**Task:** An exact transcription of the lines below, from the first through the one containing "roaring,roar,to roar,leonine,panthera leo,magan,lion,lion", is the only output wanted.

**Supplied data:**
--

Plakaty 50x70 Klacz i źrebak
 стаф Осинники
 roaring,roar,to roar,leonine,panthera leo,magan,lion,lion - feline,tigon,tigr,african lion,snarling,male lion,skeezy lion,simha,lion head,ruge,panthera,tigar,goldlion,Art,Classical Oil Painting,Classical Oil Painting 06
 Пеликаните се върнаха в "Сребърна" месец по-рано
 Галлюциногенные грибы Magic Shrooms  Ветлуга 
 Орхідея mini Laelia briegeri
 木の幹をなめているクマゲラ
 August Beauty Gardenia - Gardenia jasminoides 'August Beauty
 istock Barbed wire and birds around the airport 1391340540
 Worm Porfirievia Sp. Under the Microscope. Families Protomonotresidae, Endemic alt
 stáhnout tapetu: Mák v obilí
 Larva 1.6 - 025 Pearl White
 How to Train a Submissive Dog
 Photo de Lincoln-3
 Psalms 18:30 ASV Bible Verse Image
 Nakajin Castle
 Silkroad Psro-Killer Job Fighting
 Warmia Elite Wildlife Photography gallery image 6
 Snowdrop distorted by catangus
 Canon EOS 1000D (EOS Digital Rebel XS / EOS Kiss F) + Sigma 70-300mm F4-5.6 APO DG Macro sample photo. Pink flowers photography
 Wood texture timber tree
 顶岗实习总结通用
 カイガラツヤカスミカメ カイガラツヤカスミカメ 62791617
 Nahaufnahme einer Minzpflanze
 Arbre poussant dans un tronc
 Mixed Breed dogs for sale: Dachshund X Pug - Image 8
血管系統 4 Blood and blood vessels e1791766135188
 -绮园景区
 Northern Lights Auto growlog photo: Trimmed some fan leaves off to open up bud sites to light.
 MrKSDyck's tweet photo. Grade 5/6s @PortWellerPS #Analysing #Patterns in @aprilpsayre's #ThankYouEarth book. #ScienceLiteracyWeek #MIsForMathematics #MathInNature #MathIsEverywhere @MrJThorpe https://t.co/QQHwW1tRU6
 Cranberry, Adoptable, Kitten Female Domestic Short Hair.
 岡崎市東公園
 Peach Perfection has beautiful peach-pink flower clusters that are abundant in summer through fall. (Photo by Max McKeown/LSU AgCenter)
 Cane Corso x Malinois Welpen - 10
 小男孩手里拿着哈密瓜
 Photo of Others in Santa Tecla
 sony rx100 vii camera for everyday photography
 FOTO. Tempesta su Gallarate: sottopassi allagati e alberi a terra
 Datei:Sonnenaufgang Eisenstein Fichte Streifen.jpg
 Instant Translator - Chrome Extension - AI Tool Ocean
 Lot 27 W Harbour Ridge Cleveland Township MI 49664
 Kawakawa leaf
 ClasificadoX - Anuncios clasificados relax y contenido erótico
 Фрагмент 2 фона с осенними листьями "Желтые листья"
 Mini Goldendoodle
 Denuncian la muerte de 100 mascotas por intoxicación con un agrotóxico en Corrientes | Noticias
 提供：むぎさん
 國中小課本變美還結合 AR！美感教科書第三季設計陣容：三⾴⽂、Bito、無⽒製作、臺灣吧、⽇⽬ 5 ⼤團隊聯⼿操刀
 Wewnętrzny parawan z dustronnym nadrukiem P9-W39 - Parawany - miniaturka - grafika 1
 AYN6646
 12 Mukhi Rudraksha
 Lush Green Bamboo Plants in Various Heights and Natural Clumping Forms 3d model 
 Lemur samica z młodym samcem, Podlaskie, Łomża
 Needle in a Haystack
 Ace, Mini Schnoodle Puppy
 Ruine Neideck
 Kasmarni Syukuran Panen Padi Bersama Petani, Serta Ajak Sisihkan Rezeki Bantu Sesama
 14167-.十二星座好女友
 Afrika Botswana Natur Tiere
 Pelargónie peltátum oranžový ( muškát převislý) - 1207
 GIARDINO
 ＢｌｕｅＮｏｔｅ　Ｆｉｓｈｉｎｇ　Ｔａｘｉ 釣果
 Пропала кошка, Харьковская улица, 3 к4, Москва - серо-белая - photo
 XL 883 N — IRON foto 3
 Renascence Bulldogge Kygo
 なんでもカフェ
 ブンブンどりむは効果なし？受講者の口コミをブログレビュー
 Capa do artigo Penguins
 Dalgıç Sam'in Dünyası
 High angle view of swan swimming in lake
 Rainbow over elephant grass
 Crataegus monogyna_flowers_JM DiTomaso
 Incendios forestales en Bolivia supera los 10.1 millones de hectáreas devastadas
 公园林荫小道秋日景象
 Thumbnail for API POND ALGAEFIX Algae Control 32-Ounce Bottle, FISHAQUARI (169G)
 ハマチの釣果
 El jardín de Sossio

--

**Worked solution:**
Plakaty 50x70 Klacz i źrebak
 стаф Осинники
 roaring,roar,to roar,leonine,panthera leo,magan,lion,lion - feline,tigon,tigr,african lion,snarling,male lion,skeezy lion,simha,lion head,ruge,panthera,tigar,goldlion,Art,Classical Oil Painting,Classical Oil Painting 06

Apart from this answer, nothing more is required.